Plenty has been written and said about Vince Zampella and Jason West's departure from Activision and the subsequent legal face-down. But very little has emerged about the former Infinity Ward leaders' deteriorating relationship with one another, and West quitting their new venture Respawn.
Vanity Fair is running a feature this week on the dramatic events that led to Zampella and West's departure from Activision, the legal tussles that followed and their new project at Respawn and Electronic Arts, Titanfall. It's a great story, but mostly familiar to anyone who has been following the tale of corporate bullying, double-dealing and court-room shenanigans.
Writer Max Chafkin has added some new details to the story, including insights into why West departed Respawn earlier this year, and announced his retirement from game development.

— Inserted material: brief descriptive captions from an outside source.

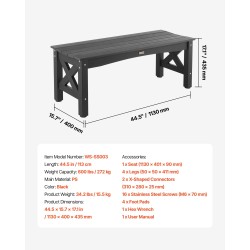 Ulkopenkki 113 cm säänkestävä PS-muovi kantavuus 272 kg säädettävät jalkatassut musta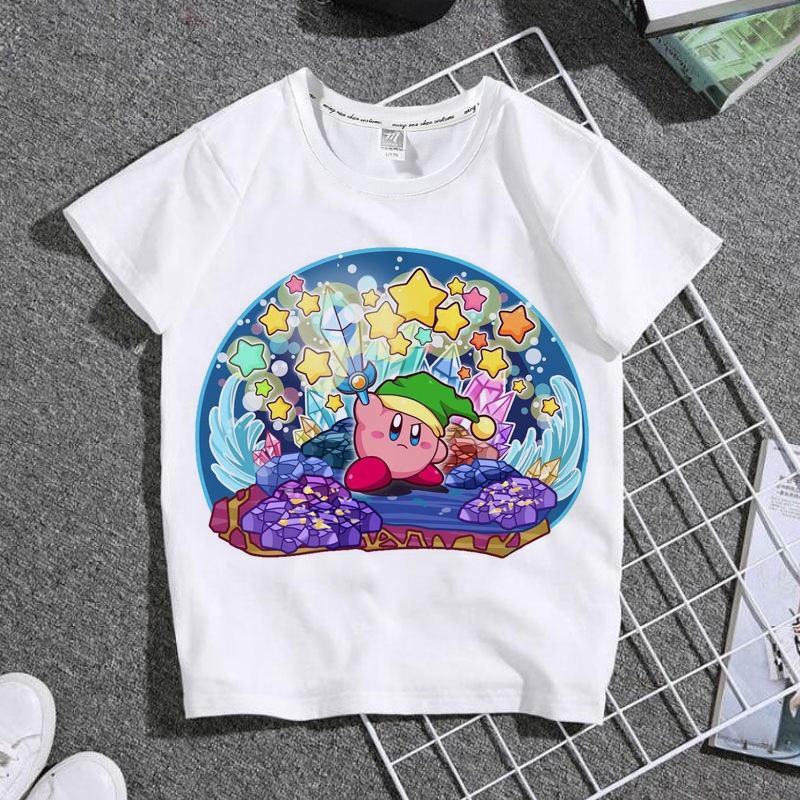 【N1ne】兒童短袖 夏季衣服 卡通星之卡比上衣 卡通T恤 中學生短袖衣服 卡通親子裝 | 蝦皮購物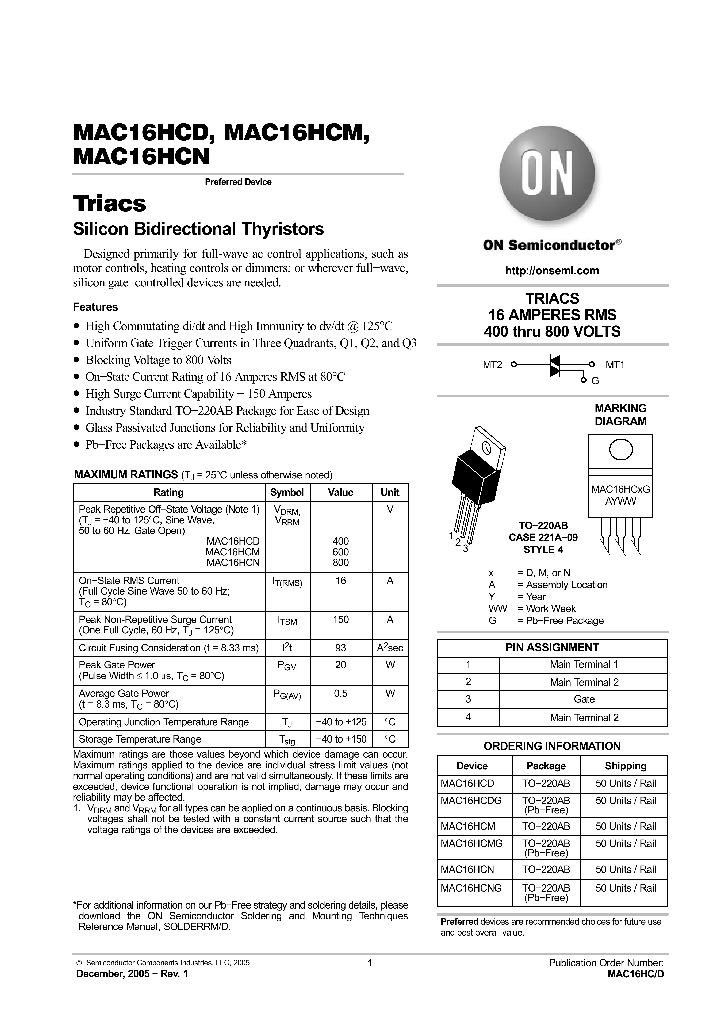 MAC16HCMG_4218898.PDF Datasheet
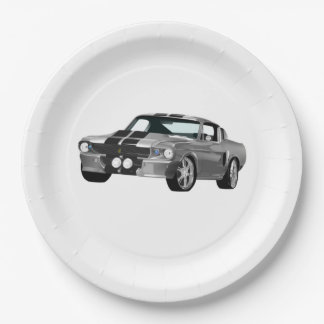 Silver Muscle Car Paper Plates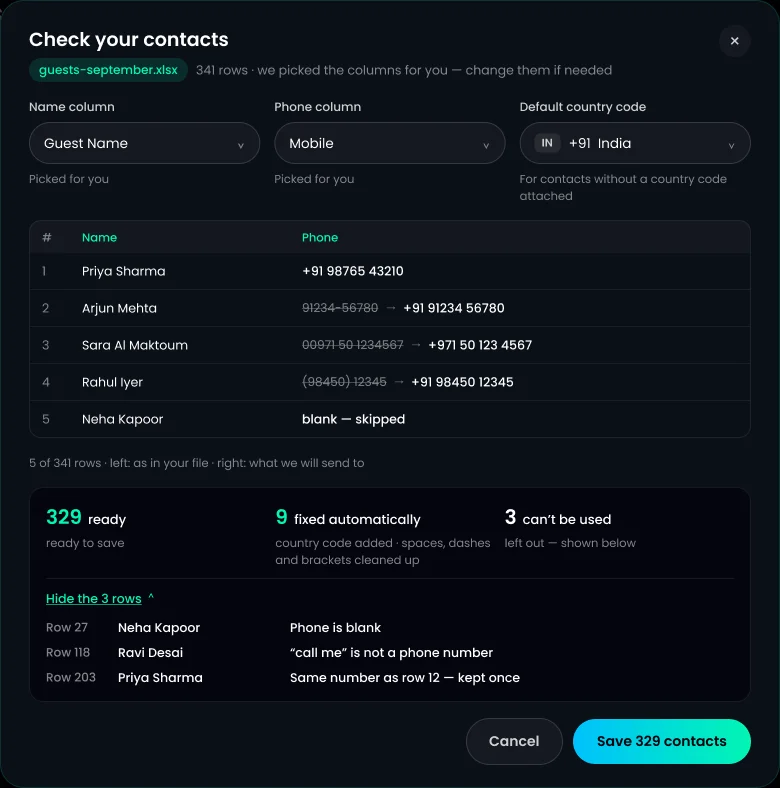 Check your contacts window in TurtlePic matching name and phone columns and cleaning up phone numbers before a WhatsApp broadcast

Vanity Fair reports that the court documents brought by Activision included revelations that damaged West and Zampella's relationship.
A person close to the company says that revelations about West's erratic behavior at Activision, which came out during the depositions, upset Zampella. "Vince felt that Jason was sabotaging the company," says the source. As the Respawn team scrambled to finish Titanfall, West was barely coming to the office. In March, he officially parted ways with his longtime partner, moving his family to North Carolina and leaving Zampella in control of Respawn. In an interview in April, Zampella refused to elaborate on what had separated them-except to say, "It's hard to work with one person for 15 years."
The article also delves into a little-known story from West and Zampella's early careers, when they worked at a developer called 2015. While working at 2015, the two led an effort to create EA hit Medal of Honor: Allied Assault (2002) for PC as a contract job. As the game came to completion, they left the company taking most of the talent with them. The new studio, called Infinity Ward, was funded by EA. 2015 boss Tom Kudirka filed a lawsuit.
The lawsuit, which contains startlingly similar allegations to those that would be made by Activision a decade later, claims that Zampella began negotiating with EA through an intermediary and organized secret weekly meetings at a local Tex-Mex joint, during which he conceived a plan to leave 2015 and start a competing studio, known as Infinity Ward. Salaries and job titles were planned, the renting of office space was discussed, and a time line was drawn up.
Zampella and West say there was no conspiracy, but no one disputes what happened next. In the days before Allied Assault's release, Kudirka's team rose up against him. Each day, Kudirka would come to the office and find a handful of resignation letters slipped under his door. By the end of January, 20 of Kudirka's 27 developers had turned in letters. "People don't have any idea that Jason and Vince did the exact same thing to me that they're doing to Activision," says Kudirka. "I was a tough boss. But those guys screwed me over pretty good."